Nel: “You know that the same happened to Reeva’s head? It exploded.” Then Nel showed a grisly photograph of Steenkamp’s wounded head, her hair soaked in blood and tissue from the impact of the bullet that tore through her skull, causing spectators in the public gallery to gasp.

Nel, almost shouting: “Have a look there, I know you don’t want to because you don’t want to take responsibility, but it’s time that you look at it.”

Pistorius, sobbing heavily, said: “I’ve taken responsibility but I will not look at a picture where I’m tormented by what I saw and felt that night.
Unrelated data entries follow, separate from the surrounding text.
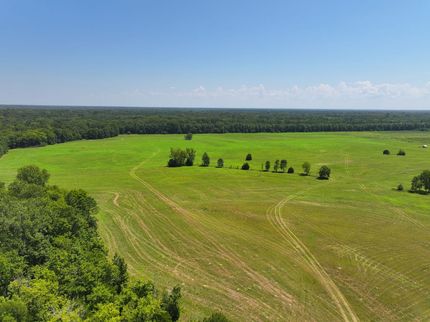 Land for sale in Montgomery County, Alabama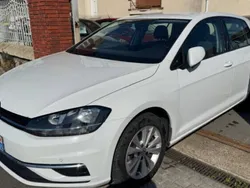 Utilisé 2018 VW Golf VII Berline | 13 500 € (Prix juste)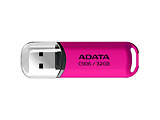 USB ADATA C906 / 32GB / Classic Cap / Pink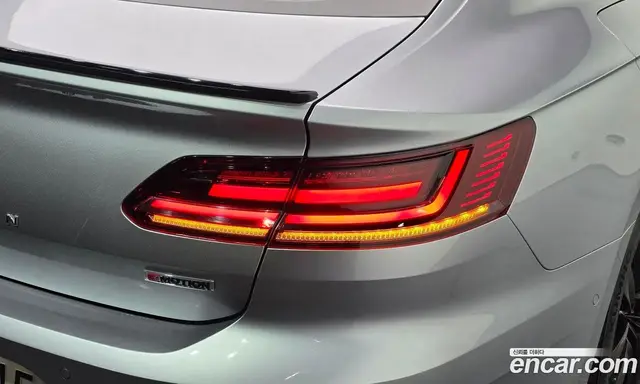 Volkswagen Arteon 2019 2.0 автомат (гидро), миниатюра 9 Volkswagen Arteon 2019 2.0 автомат (гидро), миниатюра 9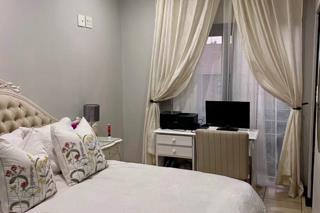 To Let 2 Bedroom Property for Rent in Pretorius Park Gauteng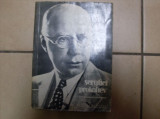 Autobiografie Insemnari - Serghei Prokofiev ,550572, Muzicala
As I picked Reeva up my fingers touched her head — I remember, I don’t have to look at a picture, I was there.”

Pistorius’ attorney, Barry Roux, objected calling Nel’s tactics an “ambush.” It was and the court adjourned for a recess, leaving a hysterical Pistorius to weep in the dock. This is starting with a bang.


Nel hammered Pistorius’ lack of taking responsibility as one of his premiere themes:

Pistorius acknowledged that people around the world used to look up to him as a sporting hero until he made a mistake.

Nel: “You made a mistake? You killed a person. You killed Reeva Steenkamp, that’s what you did. You killed her. Won’t you take responsibility for that?”

OP weakly: “I did.”

* * *

Nel: “Sometimes you have to take responsibility.”

* * *

Nel closed his cross-examination by inviting Pistorius to take the blame for shooting Steenkamp, but he refused to give a direct response, saying only that he opened fire because he believed his life was in danger. That remark drew barbed follow-up questions from the prosecutor.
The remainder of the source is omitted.